» Requirement: Return all of the data exactly as written, without the pictures.

» Excerpted data:
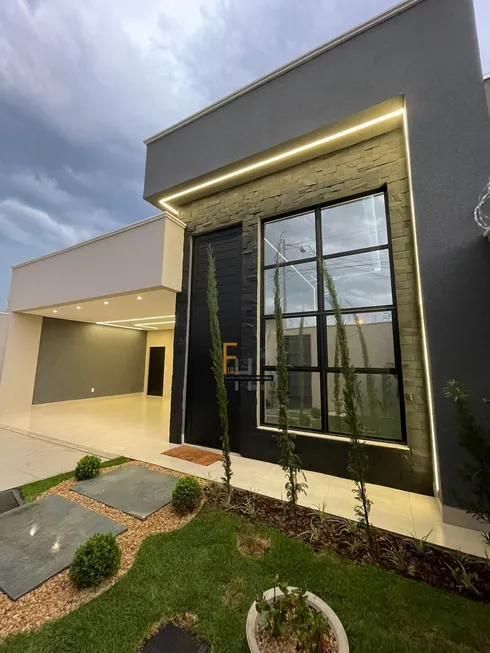 Foto 1 de Casa com 3 Quartos à venda, 172m² em Residencial Flamingo, Goiânia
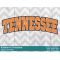 Tennessee Arched SVG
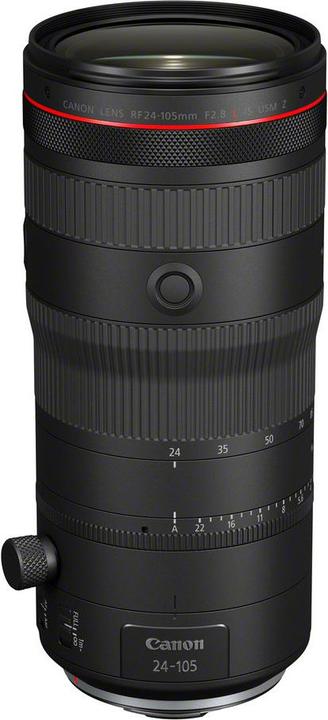 Productafbeelding Canon RF 24-105mm F2,8 L IS USM Z (Canon RF, Volledig formaat)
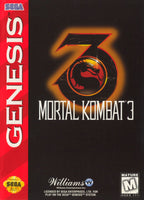 Mortal Kombat 3 (Cartridge Only)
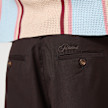 Prohibited Pleated Shorts castanho 48337 4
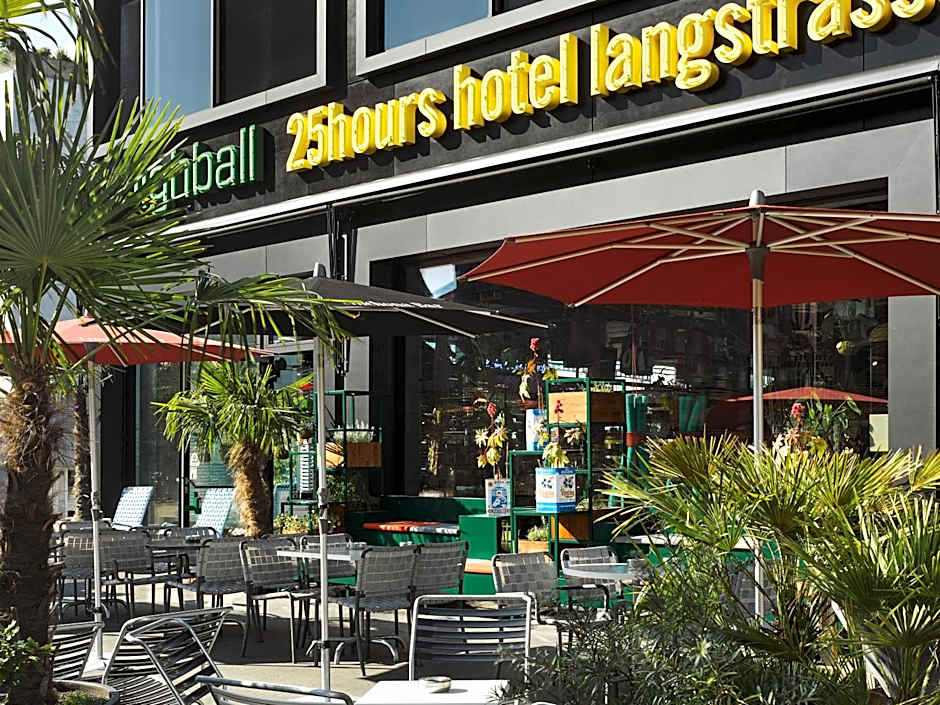 25hours Hotel Zurich Langstrasse
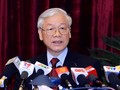 Tổng Bí thư Nguyễn Phú Trọng   Ảnh: TTXVN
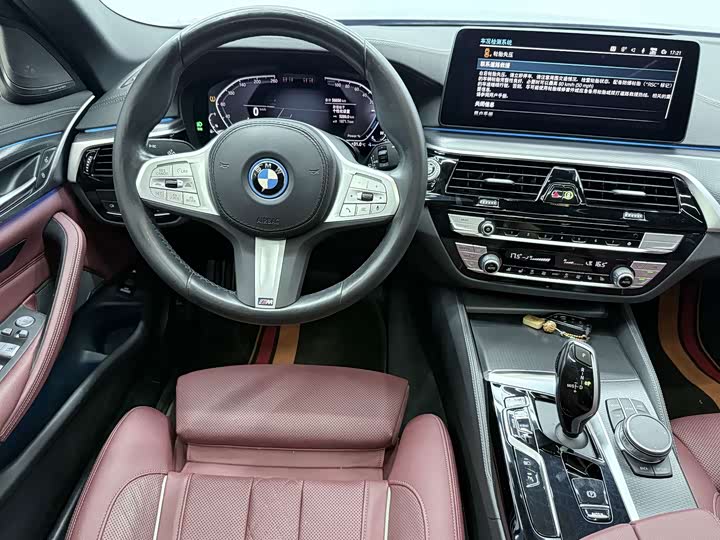 BMW 5 Series Hybrid, 2023 — фото 7 из 9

» Answer to this task:
 Foto 1 de Casa com 3 Quartos à venda, 172m² em Residencial Flamingo, Goiânia
 Tennessee Arched SVG
 Productafbeelding Canon RF 24-105mm F2,8 L IS USM Z (Canon RF, Volledig formaat)
 Mortal Kombat 3 (Cartridge Only)
 Prohibited Pleated Shorts castanho 48337 4
 25hours Hotel Zurich Langstrasse
 Tổng Bí thư Nguyễn Phú Trọng   Ảnh: TTXVN
 BMW 5 Series Hybrid, 2023 — фото 7 из 9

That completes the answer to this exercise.